Tasavvufta ilahi aşkın mertebeleri var. Birinci mertebede kalbin özlem duymaya başlayışıdır. İkinci mertebe "seven kimseye, sürekli olarak gözyaşı döktüren sevgi durumudur"
Geçen yüzyılın önemli Meçhul Hanım şairlerinden Rabia Hatun’un bir şiirini örnek gösterebiliriz:
Bir kasedir alev dolu gönlüm yana yana
Men ta senün yanunda dahi hasretsem sana
Yaşlar dökende söndüremez ateşimi sü
Sunsan elünle kaanumu içsem kana kana
Olsandı sen sema olsandı sen heva
Alsamdı men seni dem dem nefes nefes
Olsandı sen zaman olsamdı men mekan
Eflaki dolduran bir aşk olurdu bes!
Payin sedası gelse de sen hiç gelmesen
Men dinlesem kıyamete dek vuslat istemen
Bulsam izinle semtini ol semte irmesem
Aşsam zamanı hasretin encamı gelmeden
Aşkın üçüncü mertebesi "sevgilinin sevgisiyle sermest, sarhoş oluştur.

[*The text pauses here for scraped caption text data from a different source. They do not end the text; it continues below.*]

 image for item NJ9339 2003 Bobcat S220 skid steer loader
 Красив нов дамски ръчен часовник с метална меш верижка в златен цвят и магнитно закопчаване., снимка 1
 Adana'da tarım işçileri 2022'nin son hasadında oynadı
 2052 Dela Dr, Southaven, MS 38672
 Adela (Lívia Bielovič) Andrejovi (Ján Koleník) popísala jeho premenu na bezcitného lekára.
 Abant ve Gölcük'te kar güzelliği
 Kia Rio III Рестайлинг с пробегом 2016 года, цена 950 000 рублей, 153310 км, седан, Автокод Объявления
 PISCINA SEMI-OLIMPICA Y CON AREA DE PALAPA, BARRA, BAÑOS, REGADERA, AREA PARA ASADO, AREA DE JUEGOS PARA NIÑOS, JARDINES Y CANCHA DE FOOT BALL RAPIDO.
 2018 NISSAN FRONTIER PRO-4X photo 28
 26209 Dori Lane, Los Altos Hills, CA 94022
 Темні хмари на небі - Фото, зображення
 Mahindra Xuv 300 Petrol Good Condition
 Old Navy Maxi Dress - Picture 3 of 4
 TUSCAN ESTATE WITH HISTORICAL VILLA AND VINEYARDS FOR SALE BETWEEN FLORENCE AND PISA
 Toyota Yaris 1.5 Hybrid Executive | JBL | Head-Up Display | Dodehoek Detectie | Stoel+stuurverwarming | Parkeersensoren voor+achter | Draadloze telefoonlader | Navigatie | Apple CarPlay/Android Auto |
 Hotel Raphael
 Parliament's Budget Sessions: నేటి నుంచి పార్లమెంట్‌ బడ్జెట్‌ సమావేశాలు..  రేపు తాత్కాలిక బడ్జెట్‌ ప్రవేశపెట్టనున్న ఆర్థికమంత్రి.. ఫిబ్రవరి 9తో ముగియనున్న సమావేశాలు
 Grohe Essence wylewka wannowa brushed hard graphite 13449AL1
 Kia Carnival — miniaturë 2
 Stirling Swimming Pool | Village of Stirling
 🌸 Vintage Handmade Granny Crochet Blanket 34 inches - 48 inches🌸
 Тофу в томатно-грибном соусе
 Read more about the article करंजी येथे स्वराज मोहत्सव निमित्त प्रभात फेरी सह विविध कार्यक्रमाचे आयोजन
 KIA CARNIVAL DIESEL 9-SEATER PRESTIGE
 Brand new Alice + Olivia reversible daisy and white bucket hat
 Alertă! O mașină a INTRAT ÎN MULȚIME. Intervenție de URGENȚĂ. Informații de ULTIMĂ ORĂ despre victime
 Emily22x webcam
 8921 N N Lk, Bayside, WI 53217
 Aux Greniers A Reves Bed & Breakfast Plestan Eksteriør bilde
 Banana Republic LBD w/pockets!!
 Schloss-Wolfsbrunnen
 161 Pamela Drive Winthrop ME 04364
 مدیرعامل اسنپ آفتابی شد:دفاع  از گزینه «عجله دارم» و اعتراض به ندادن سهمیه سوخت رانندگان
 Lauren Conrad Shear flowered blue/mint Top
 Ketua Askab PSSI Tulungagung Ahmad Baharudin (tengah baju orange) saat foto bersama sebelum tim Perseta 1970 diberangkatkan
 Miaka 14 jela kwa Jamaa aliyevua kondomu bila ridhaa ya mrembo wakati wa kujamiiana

Aşkın kolları öyle güçlüdür ki; ne aşka tutunanlar ne de aşkta tutuklu kalanlar ondan kurtulamazlar. Karışan kafalarında aşka dair sonu gelmeyen sorular belirir.
Aşk mıdır cân u dil mülkünü yağma eyleyen
Aşk mıdır sînemin içre gelip câ eyleyen
Aşk mıdır boynuma takıp belâ zincîrini
Gezdirip Mecnûnleyin âlemde rüsvâ eyleyen
(Muhibbî – Kanuni Sultan Süleyman )
Dördüncü Mertebe "kötü huylardan arınma ve güzel huylarla donanma suretiyle sevgiliye layık olmak ve ona yaklaşmak" aşamasıdır.
Beşinci Mertebede sevginin şiddeti ciddi boyutlara ulaşmıştır.
"ateş-i ak ile her-dem dil u can oda yanar
ger bir ah eyler isem iki cihan oda yanar (Cem Sultan)
Aşkın altıncı Altıncı Mertebe ’si "sevdalıyı çıldırtan sevgi" Sevgi çılgınlığıdır.
"yare sun yare, bağrından yare sun
derman olur derdin,aşk ile yare sun
yak özünü külünü göğe savur
mavidir sızıların avuç avuç yare sun
aczini azığını bil var sevgili katına
varlığın son sermayen düşünmeden yare sun (Ahmet Mercan)
Aşk nefisleri teslim alıp kalpleri tutsak eden bir hükümdardır. Kimi efendileri köle kimi köleleri de efendi kılar. Hükümranlığı dillere destandır. Kahredici pençeleriyle Aslan’ları titreten sultanlar dahi “Ceylan gözlü bir sevgiliye esîr” olmaktan kendisini kurtaramamıştır:
“Şîrler pençe-i kahrından olurken lerzân
Beni bir gözleri âhûya zebûn etti felek.”
(Yavuz Sultan Selim)
Aşkın bir tür dîvânelik olduğunu söyleyenlerin sayısı az değildir.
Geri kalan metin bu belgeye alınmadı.